Her Pazartesi, yine Pazartesi desek de, o Pazartesi “yeni” bir Pazartesi değil mi?
Her sabah güneş doğsa da, her doğan güneş “yeni” değil mi?
Her yıl sonbahar gelse de, her sonbahar “yeni” değil mi?
Yeni kelimesi içinde ne çok şey barındırır. Öncelikle bilmediğimiz, görmediğimiz bir şeylerle karşılaşma düşüncesini düşürür zihinlere. Merak uyandırır. Belki biraz heyecan, belki de acaba ne çıkar içinden kaygısı. Yani yeni kelimesi içinde kıpırtı ve hareket barındırır.
Bu haftaya başlarken içimden gelen soruyu sizlere de aktarmak istedim: Madem yeni kelimesi kıpırtılı ve hareketli bir kelime, bu güzel kelimenin hayatlarımızda yer almasının iznini ne kadar veriyoruz acaba?
Her gün yeni bir “ben” olarak uyandığımızın ne kadar farkındayız? Sanki aynıymış gibi dursak da, hem fiziksel, hem de düşünsel olarak değiştiğimizi ve yenilendiğimizi ne kadar görebiliyoruz?

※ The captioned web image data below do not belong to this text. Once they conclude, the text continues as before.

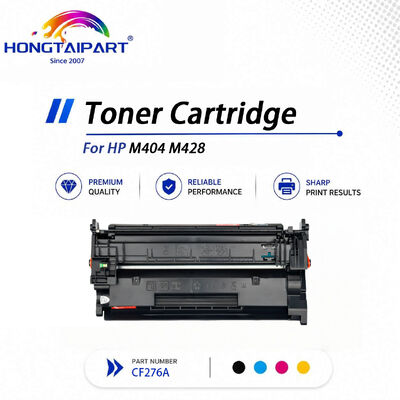 acheter Cartouche de toner CF276A pour HP LaserJet M404 M428 fabrication en ligne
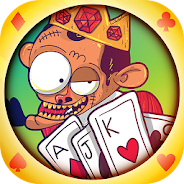 لعبة تركس على راسي عوض أبو شفة İndirin ve PC'de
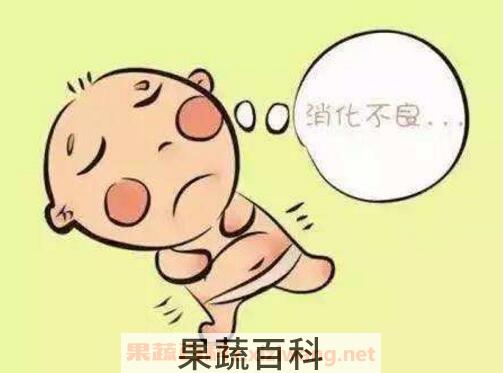 放屁多是怎么回事 放屁多是什么原因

Her günün yeni bir gün olduğunu ne kadar fark ediyoruz, ya da ne kadar izin veriyoruz o günün yeni bir gün olmasına?
Her ne yapıyorsak yapalım, ne kadar katıyoruz “yeni”yi o işin içine?
Hayatımızdaki insanları her gün yeniden ve onların da yenilendiklerini görerek bakmak için ne kadar çaba gösteriyoruz?
Ne kadar sıklıkla “her şey hep aynı” diyoruz kendi kendimize veya başkaları ile sohbetlerde? Aynı derken, aslında “yeni”ye haksızlık ettiğimizi ne kadar fark ediyoruz?
Gelin hepimiz biraz düşünelim. Ne dersiniz?